*** Opening of Supplied material ***

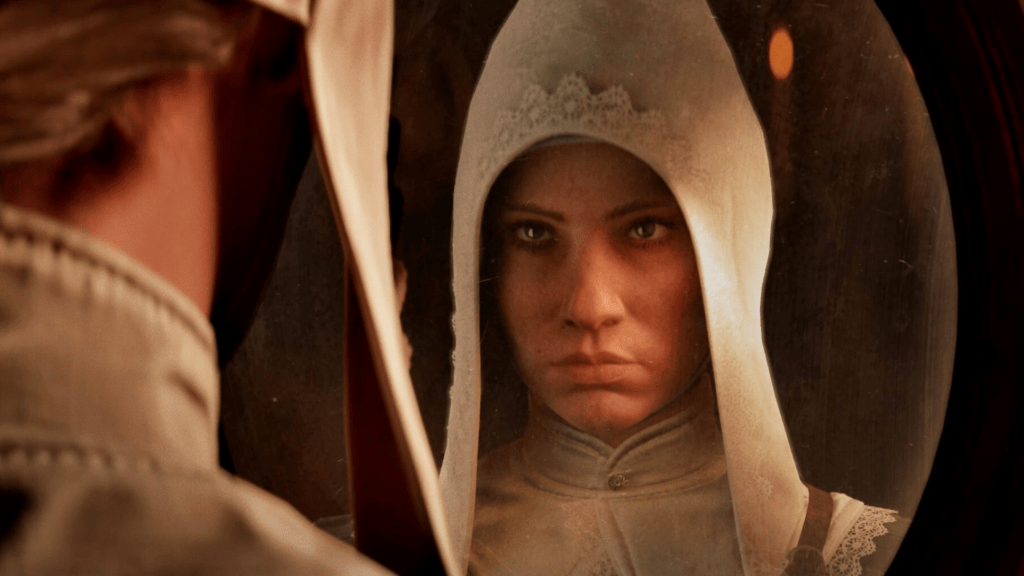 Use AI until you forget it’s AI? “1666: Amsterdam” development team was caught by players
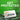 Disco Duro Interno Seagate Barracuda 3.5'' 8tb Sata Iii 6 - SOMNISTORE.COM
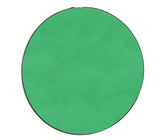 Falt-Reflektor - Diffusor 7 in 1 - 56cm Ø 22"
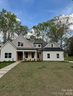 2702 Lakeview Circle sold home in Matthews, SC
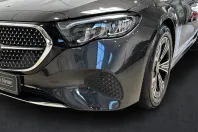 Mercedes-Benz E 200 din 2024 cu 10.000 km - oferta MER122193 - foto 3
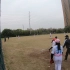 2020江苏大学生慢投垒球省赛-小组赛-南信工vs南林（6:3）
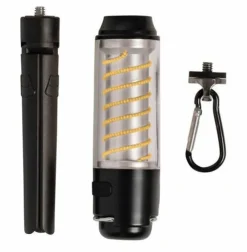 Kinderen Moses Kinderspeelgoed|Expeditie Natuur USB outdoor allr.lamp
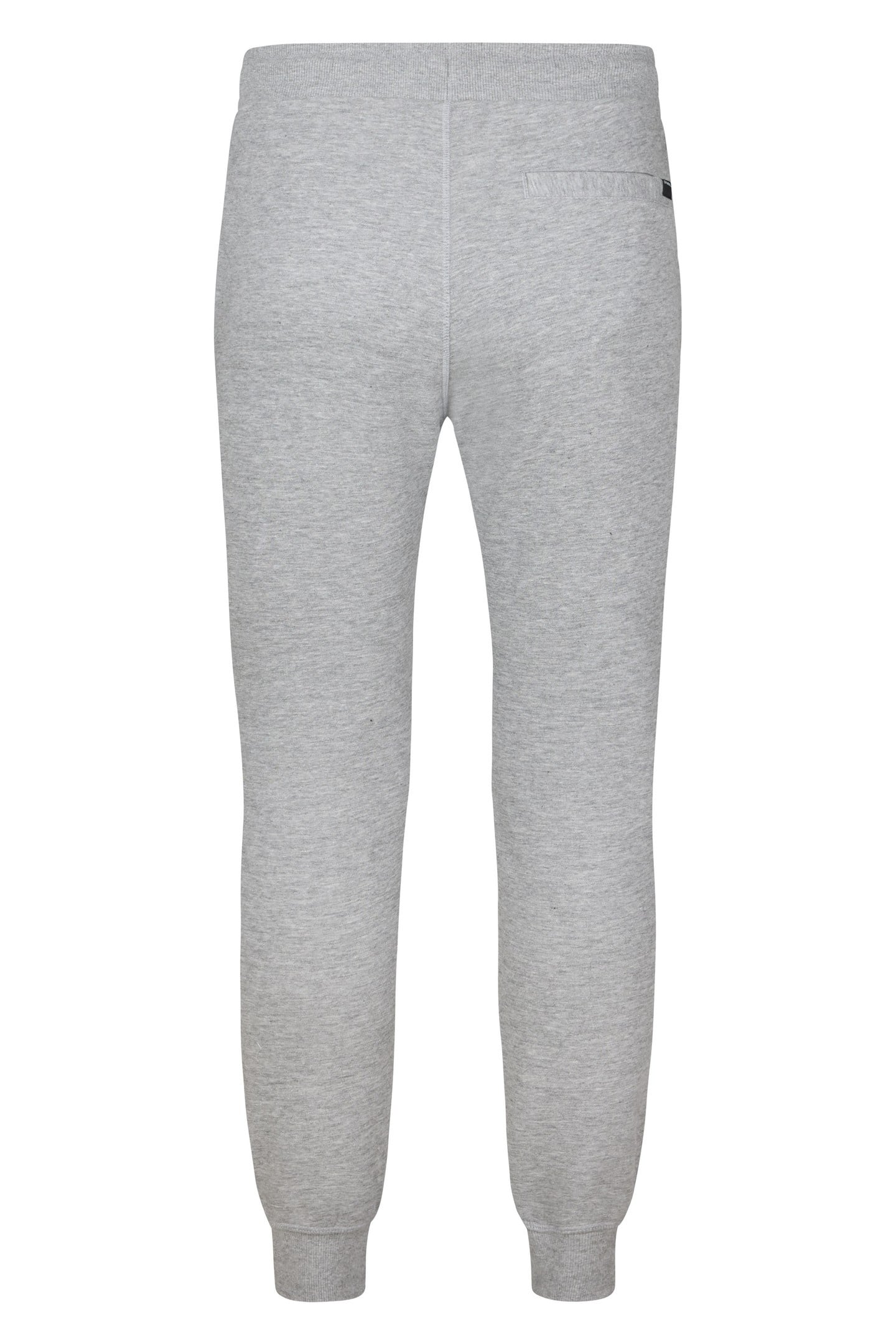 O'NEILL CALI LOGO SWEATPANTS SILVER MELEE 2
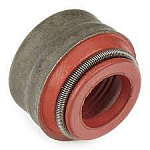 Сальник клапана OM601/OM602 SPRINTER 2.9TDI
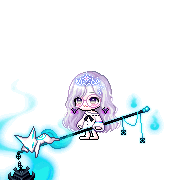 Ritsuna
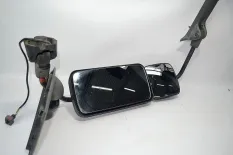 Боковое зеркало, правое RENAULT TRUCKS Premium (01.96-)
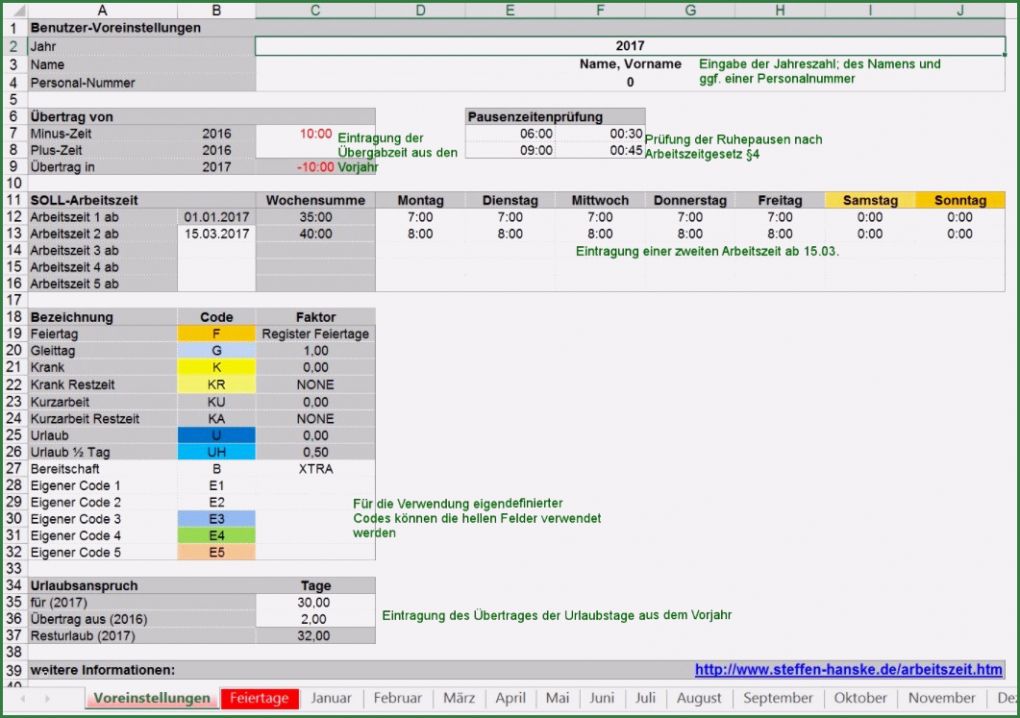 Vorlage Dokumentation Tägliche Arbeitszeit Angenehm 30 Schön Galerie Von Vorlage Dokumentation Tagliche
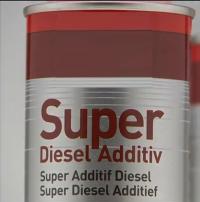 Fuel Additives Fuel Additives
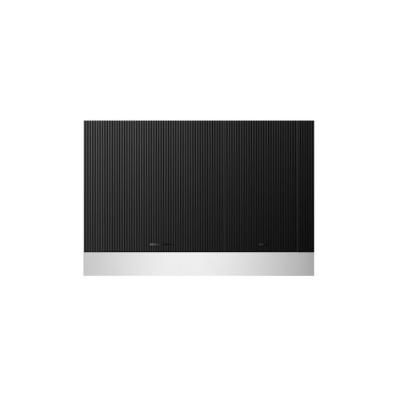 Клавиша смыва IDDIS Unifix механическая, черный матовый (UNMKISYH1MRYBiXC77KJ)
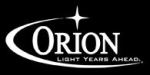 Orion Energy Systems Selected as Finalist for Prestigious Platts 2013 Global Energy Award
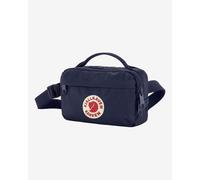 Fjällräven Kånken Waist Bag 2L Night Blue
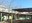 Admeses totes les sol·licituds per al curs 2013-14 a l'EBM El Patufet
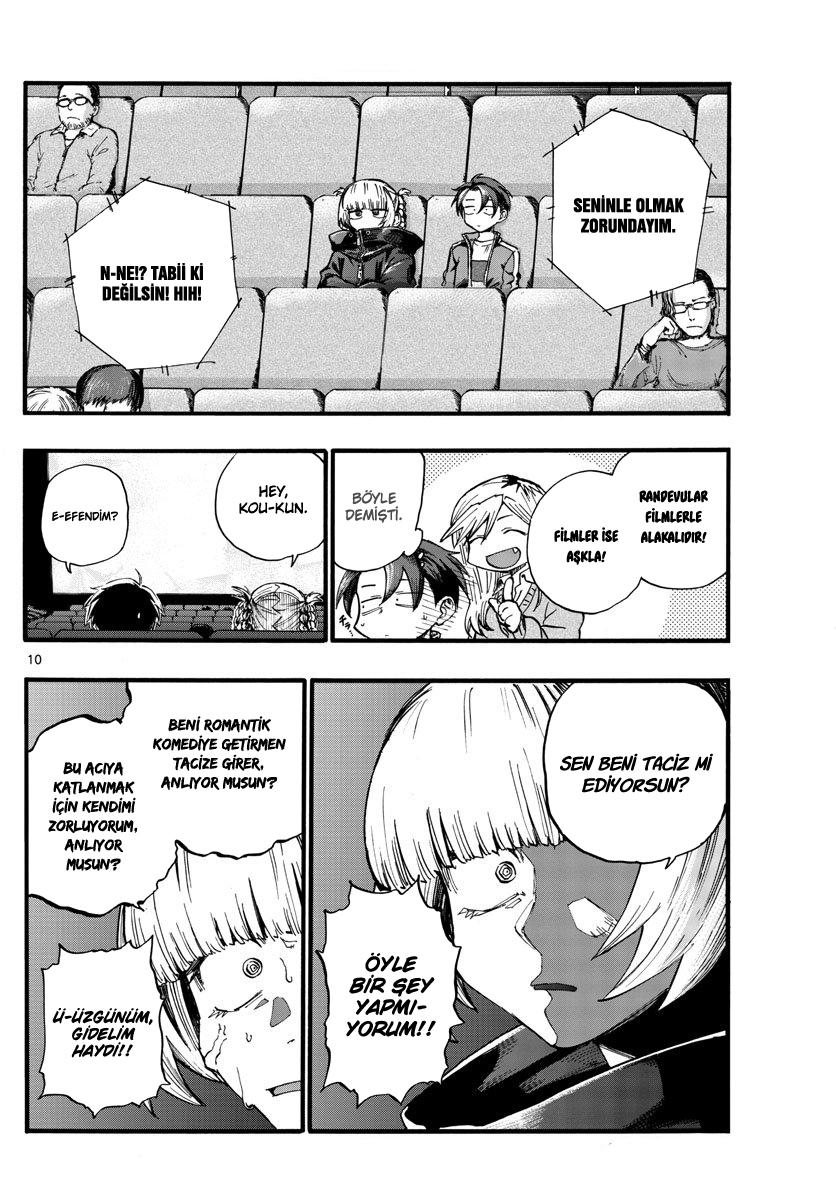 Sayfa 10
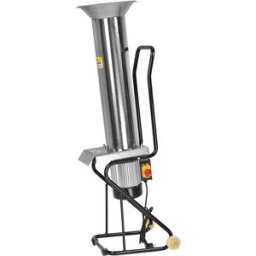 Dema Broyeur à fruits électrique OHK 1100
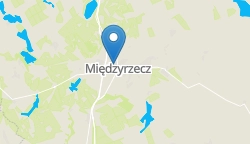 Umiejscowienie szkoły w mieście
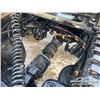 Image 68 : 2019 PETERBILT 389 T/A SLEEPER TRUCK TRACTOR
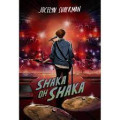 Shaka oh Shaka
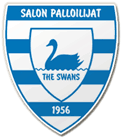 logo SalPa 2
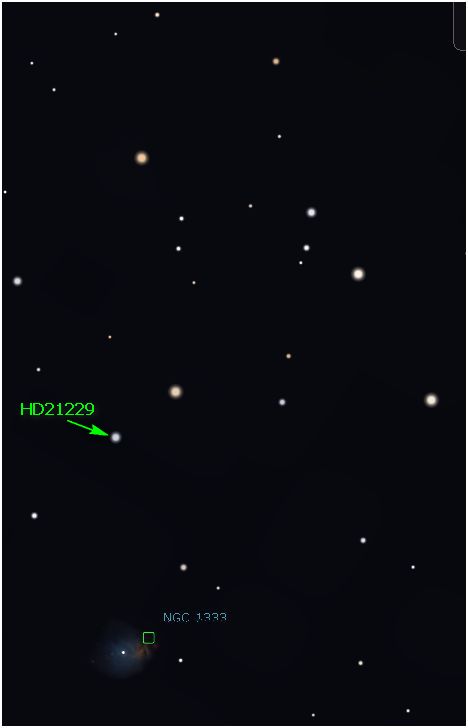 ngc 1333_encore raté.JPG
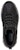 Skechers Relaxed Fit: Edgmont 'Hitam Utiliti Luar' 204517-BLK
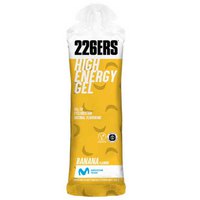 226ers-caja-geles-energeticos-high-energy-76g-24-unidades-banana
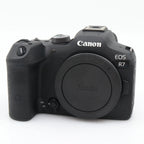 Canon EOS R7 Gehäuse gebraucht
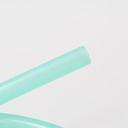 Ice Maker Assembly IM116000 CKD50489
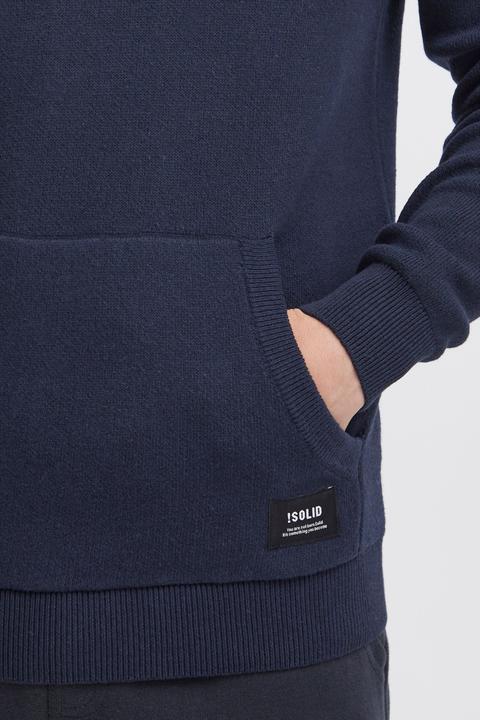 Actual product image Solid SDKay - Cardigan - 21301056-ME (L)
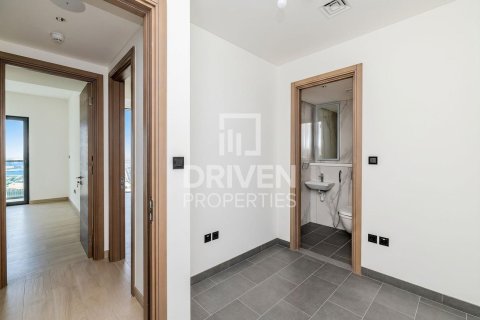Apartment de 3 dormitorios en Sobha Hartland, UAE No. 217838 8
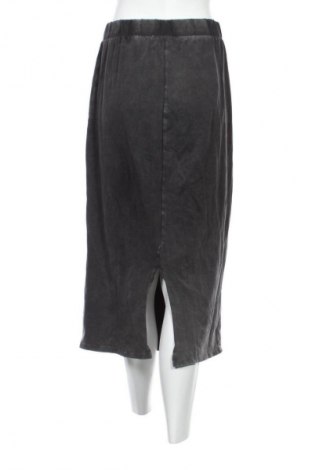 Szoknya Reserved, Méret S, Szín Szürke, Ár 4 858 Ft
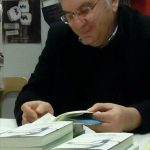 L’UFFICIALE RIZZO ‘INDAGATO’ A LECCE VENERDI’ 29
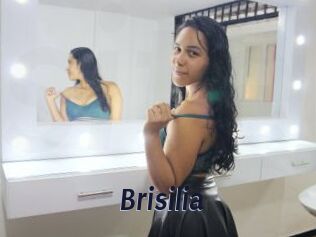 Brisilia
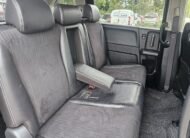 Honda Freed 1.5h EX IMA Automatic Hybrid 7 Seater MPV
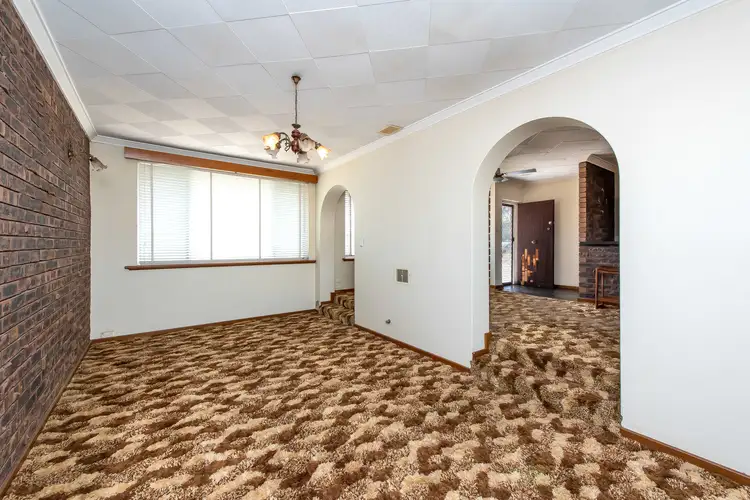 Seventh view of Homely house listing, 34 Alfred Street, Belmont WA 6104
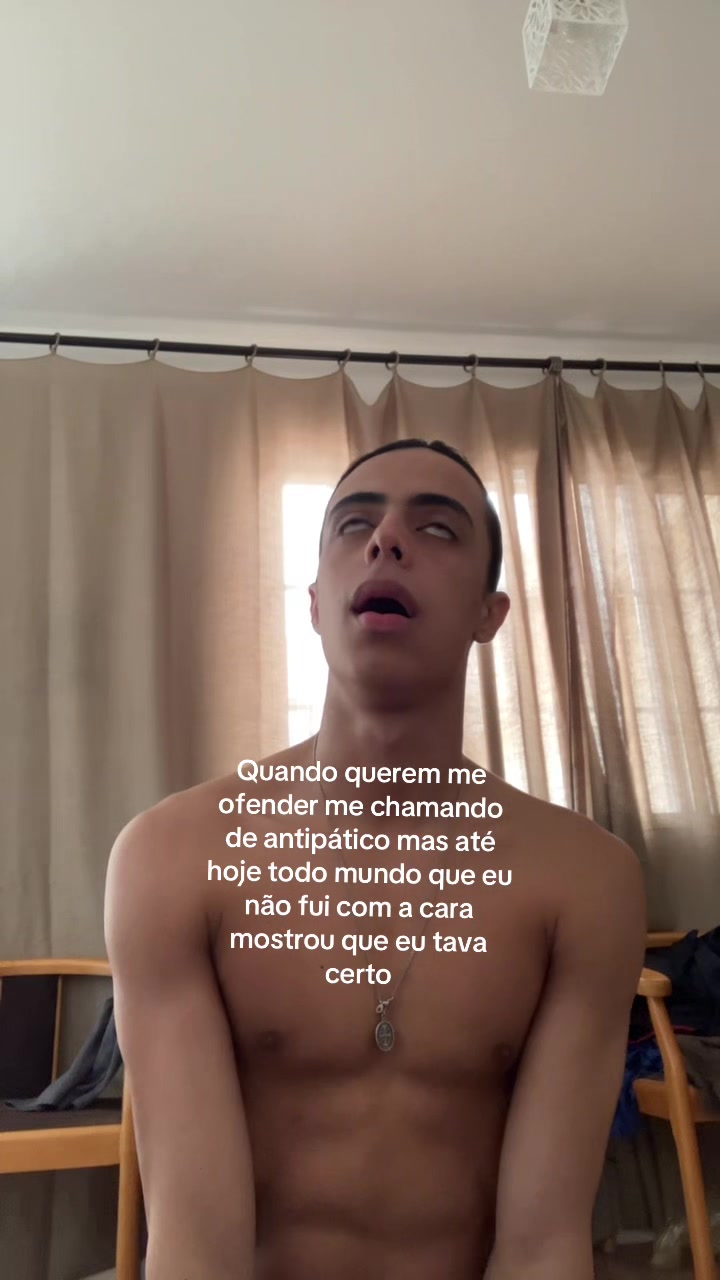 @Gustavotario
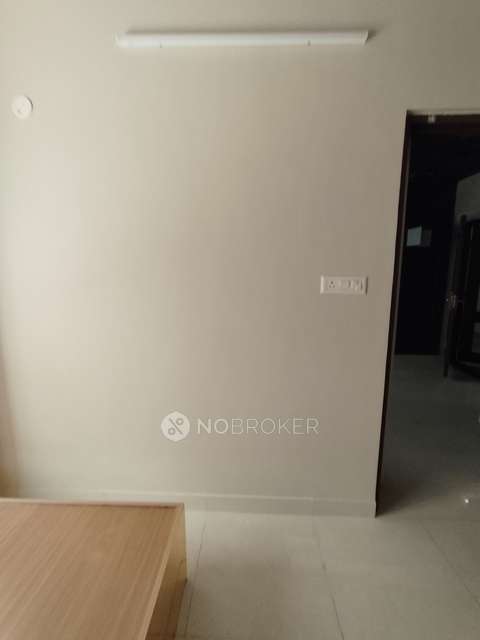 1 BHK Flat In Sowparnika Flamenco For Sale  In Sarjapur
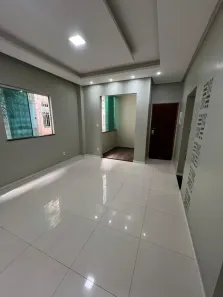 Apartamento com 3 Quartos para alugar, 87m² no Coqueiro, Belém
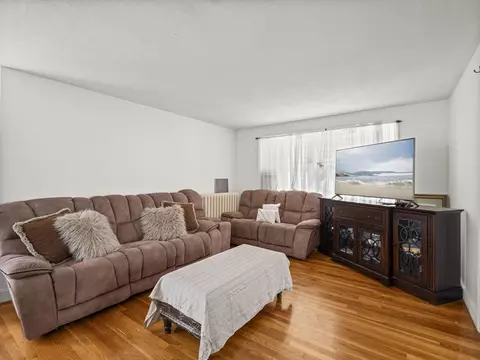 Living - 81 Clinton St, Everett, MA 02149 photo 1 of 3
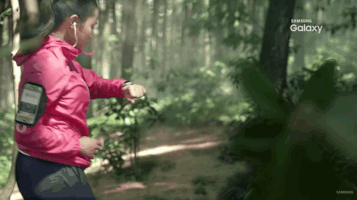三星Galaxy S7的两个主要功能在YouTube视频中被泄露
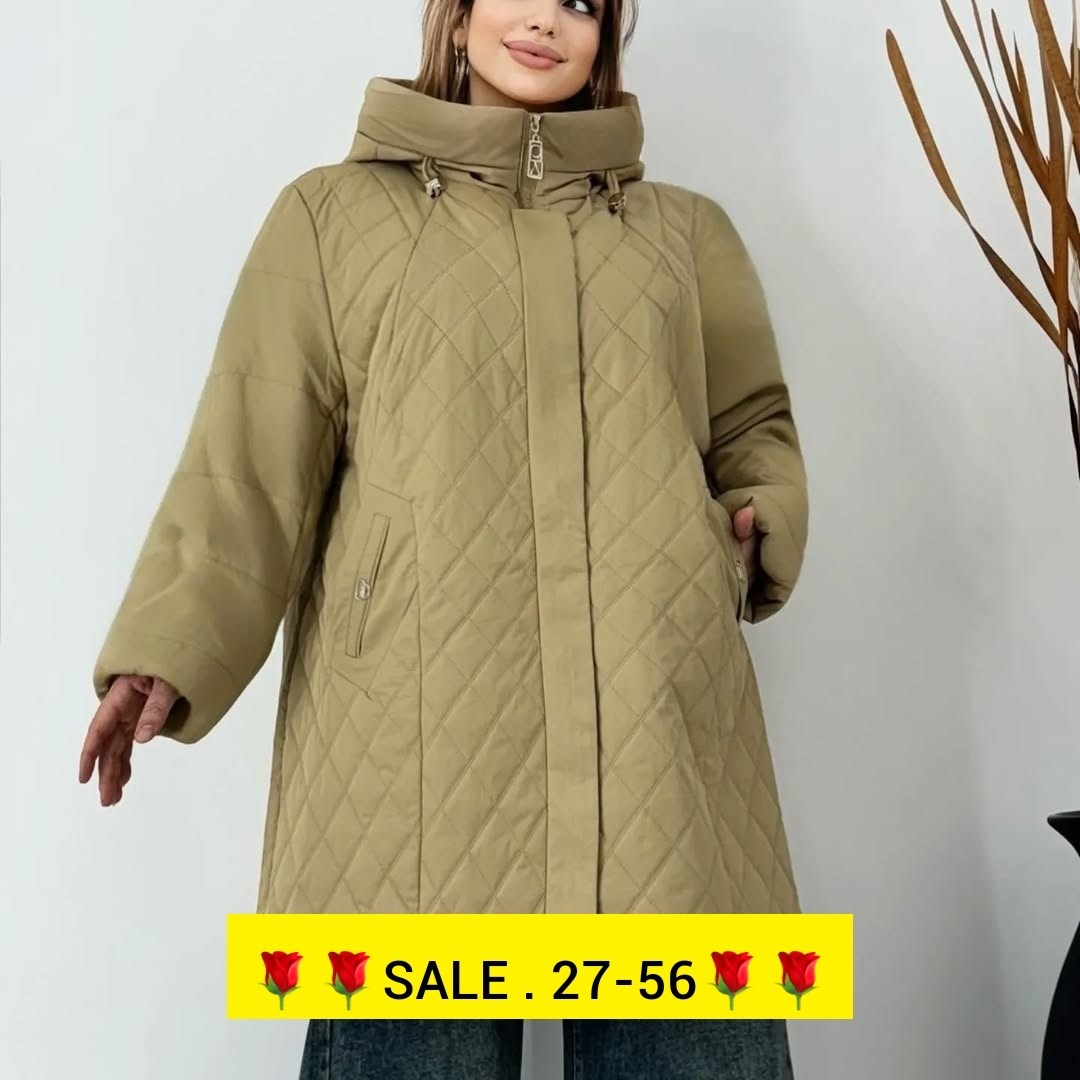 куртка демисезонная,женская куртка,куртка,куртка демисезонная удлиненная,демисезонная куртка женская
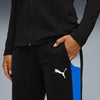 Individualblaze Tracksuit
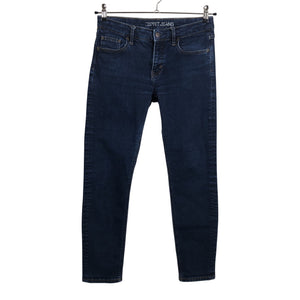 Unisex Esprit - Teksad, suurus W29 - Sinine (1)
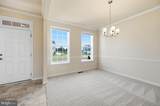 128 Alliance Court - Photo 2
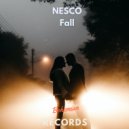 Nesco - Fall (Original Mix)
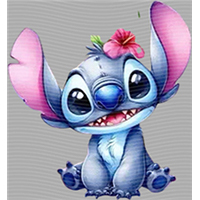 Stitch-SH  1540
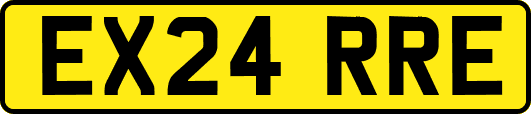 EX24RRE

*** Close of Supplied material ***

* Aim of the task: Nothing but the records above, retyped exactly and stripped of images, should appear in the answer.

* Result of this task:
 Use AI until you forget it’s AI? “1666: Amsterdam” development team was caught by players
 Disco Duro Interno Seagate Barracuda 3.5'' 8tb Sata Iii 6 - SOMNISTORE.COM
 Falt-Reflektor - Diffusor 7 in 1 - 56cm Ø 22"
 2702 Lakeview Circle sold home in Matthews, SC
 Mercedes-Benz E 200 din 2024 cu 10.000 km - oferta MER122193 - foto 3
 2020江苏大学生慢投垒球省赛-小组赛-南信工vs南林（6:3）
 Kinderen Moses Kinderspeelgoed|Expeditie Natuur USB outdoor allr.lamp
 O'NEILL CALI LOGO SWEATPANTS SILVER MELEE 2
 Сальник клапана OM601/OM602 SPRINTER 2.9TDI
 Ritsuna
 Боковое зеркало, правое RENAULT TRUCKS Premium (01.96-)
 Vorlage Dokumentation Tägliche Arbeitszeit Angenehm 30 Schön Galerie Von Vorlage Dokumentation Tagliche
 Fuel Additives Fuel Additives
 Клавиша смыва IDDIS Unifix механическая, черный матовый (UNMKISYH1MRYBiXC77KJ)
 Orion Energy Systems Selected as Finalist for Prestigious Platts 2013 Global Energy Award
 Fjällräven Kånken Waist Bag 2L Night Blue
 Admeses totes les sol·licituds per al curs 2013-14 a l'EBM El Patufet
 Sayfa 10
 Dema Broyeur à fruits électrique OHK 1100
 Umiejscowienie szkoły w mieście
 Image 68 : 2019 PETERBILT 389 T/A SLEEPER TRUCK TRACTOR
 Shaka oh Shaka
 logo SalPa 2
 ngc 1333_encore raté.JPG
 Skechers Relaxed Fit: Edgmont 'Hitam Utiliti Luar' 204517-BLK
 226ers-caja-geles-energeticos-high-energy-76g-24-unidades-banana
 Canon EOS R7 Gehäuse gebraucht
 Ice Maker Assembly IM116000 CKD50489
 Actual product image Solid SDKay - Cardigan - 21301056-ME (L)
Apartment de 3 dormitorios en Sobha Hartland, UAE No. 217838 8
 Szoknya Reserved, Méret S, Szín Szürke, Ár 4 858 Ft
 L’UFFICIALE RIZZO ‘INDAGATO’ A LECCE VENERDI’ 29
 Brisilia
 Honda Freed 1.5h EX IMA Automatic Hybrid 7 Seater MPV
 Seventh view of Homely house listing, 34 Alfred Street, Belmont WA 6104
 @Gustavotario
 1 BHK Flat In Sowparnika Flamenco For Sale  In Sarjapur
 Apartamento com 3 Quartos para alugar, 87m² no Coqueiro, Belém
 Living - 81 Clinton St, Everett, MA 02149 photo 1 of 3
三星Galaxy S7的两个主要功能在YouTube视频中被泄露
 куртка демисезонная,женская куртка,куртка,куртка демисезонная удлиненная,демисезонная куртка женская
 Individualblaze Tracksuit
 Unisex Esprit - Teksad, suurus W29 - Sinine (1)
 128 Alliance Court - Photo 2
 Nesco - Fall (Original Mix)
 Stitch-SH  1540
 EX24RRE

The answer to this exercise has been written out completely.